Dataset excerpts =>
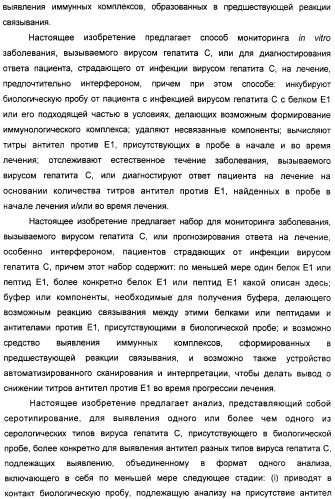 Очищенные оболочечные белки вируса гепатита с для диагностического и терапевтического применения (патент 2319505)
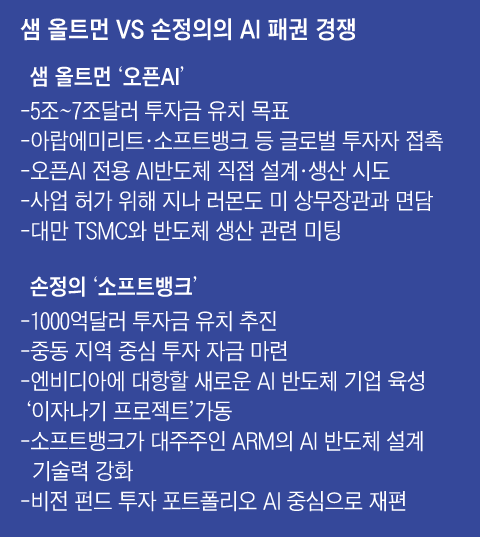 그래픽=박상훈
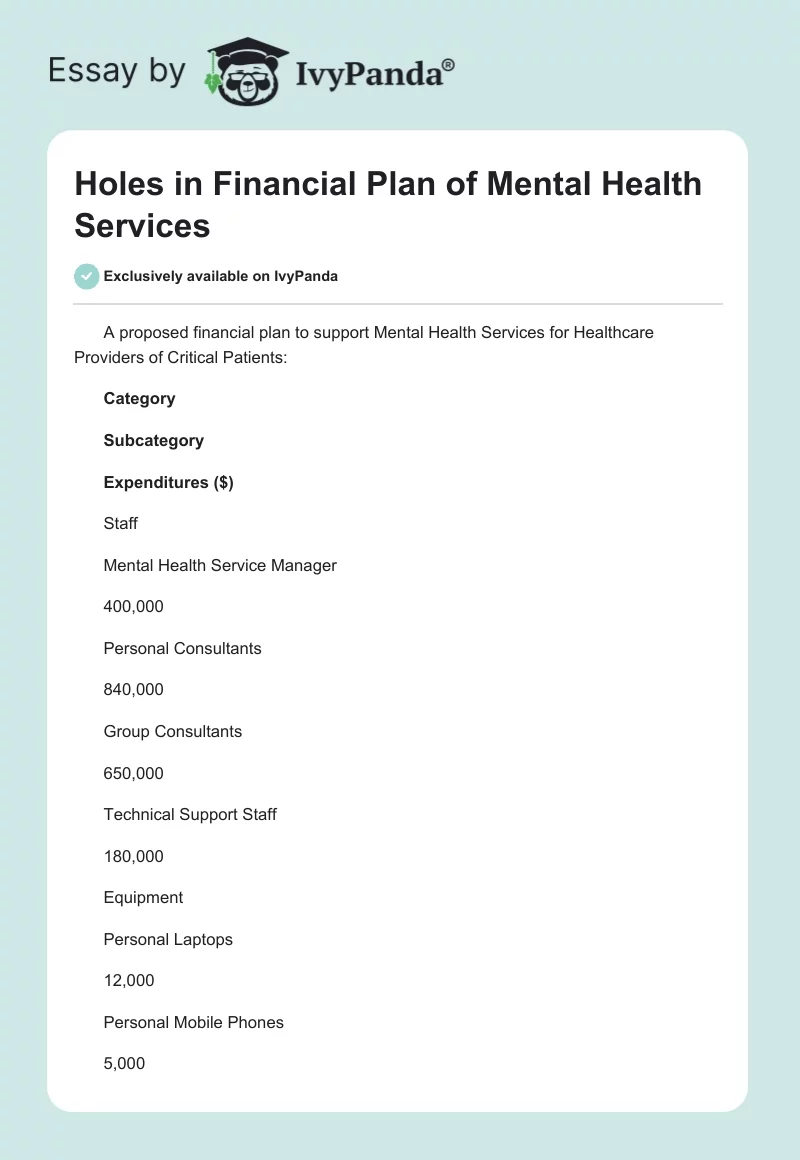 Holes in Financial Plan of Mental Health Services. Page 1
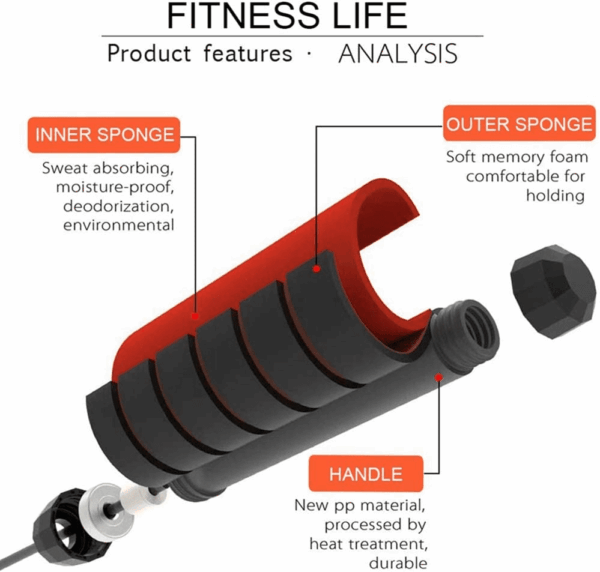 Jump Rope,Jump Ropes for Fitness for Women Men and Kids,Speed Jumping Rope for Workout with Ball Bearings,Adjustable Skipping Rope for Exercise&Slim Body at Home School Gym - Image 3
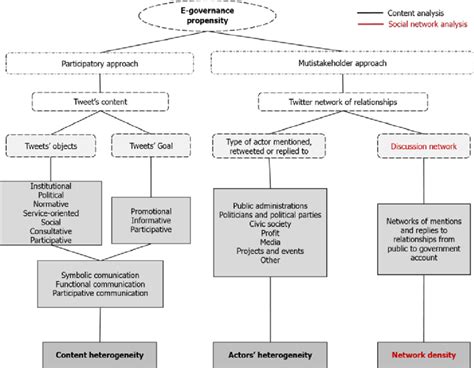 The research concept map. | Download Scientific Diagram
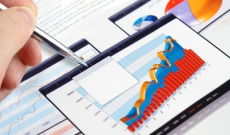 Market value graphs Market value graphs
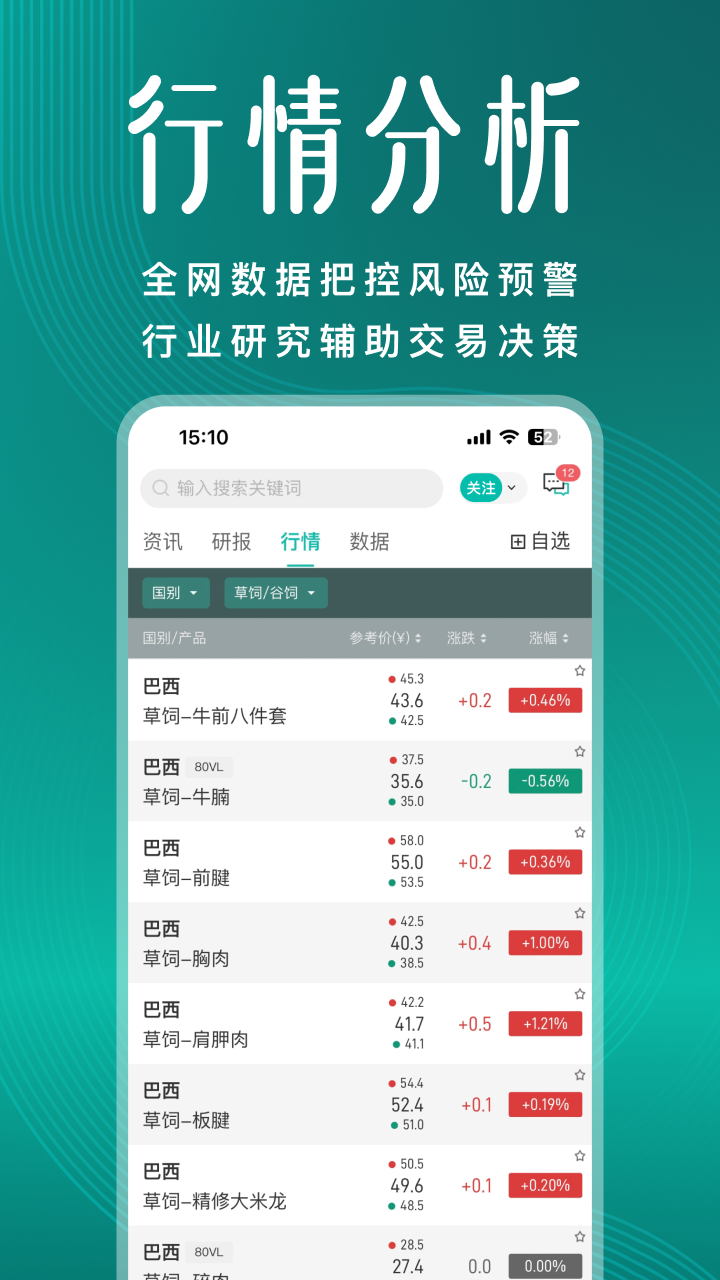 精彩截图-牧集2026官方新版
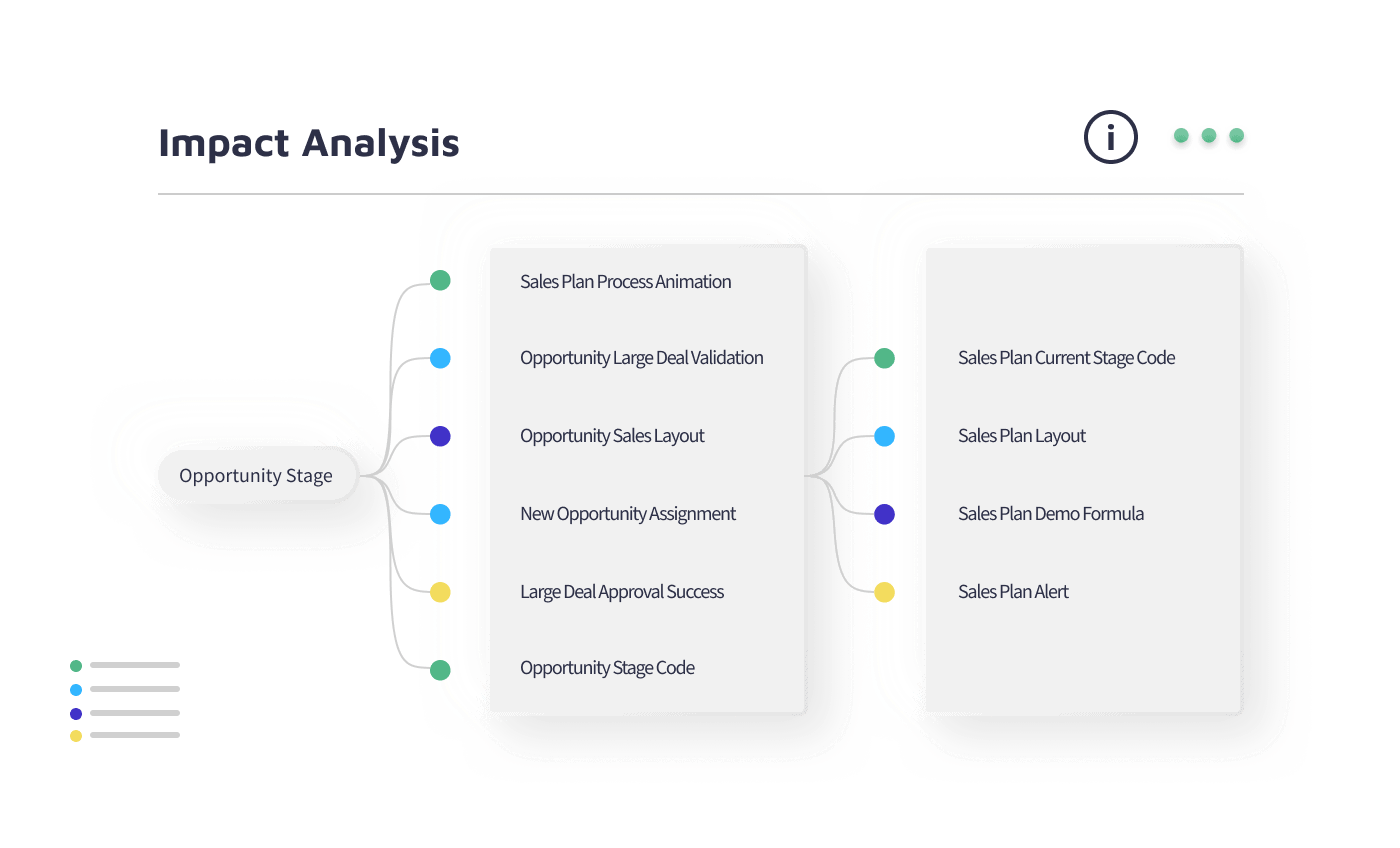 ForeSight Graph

Assignment => With the pictures left out, please output each line from the one containing "Holes in Financial" through the end of the entries, exactly as it is.

Finished exercise =>
 Holes in Financial Plan of Mental Health Services. Page 1
 Jump Rope,Jump Ropes for Fitness for Women Men and Kids,Speed Jumping Rope for Workout with Ball Bearings,Adjustable Skipping Rope for Exercise&Slim Body at Home School Gym - Image 3
 The research concept map. | Download Scientific Diagram
 Market value graphs Market value graphs
 精彩截图-牧集2026官方新版
 ForeSight Graph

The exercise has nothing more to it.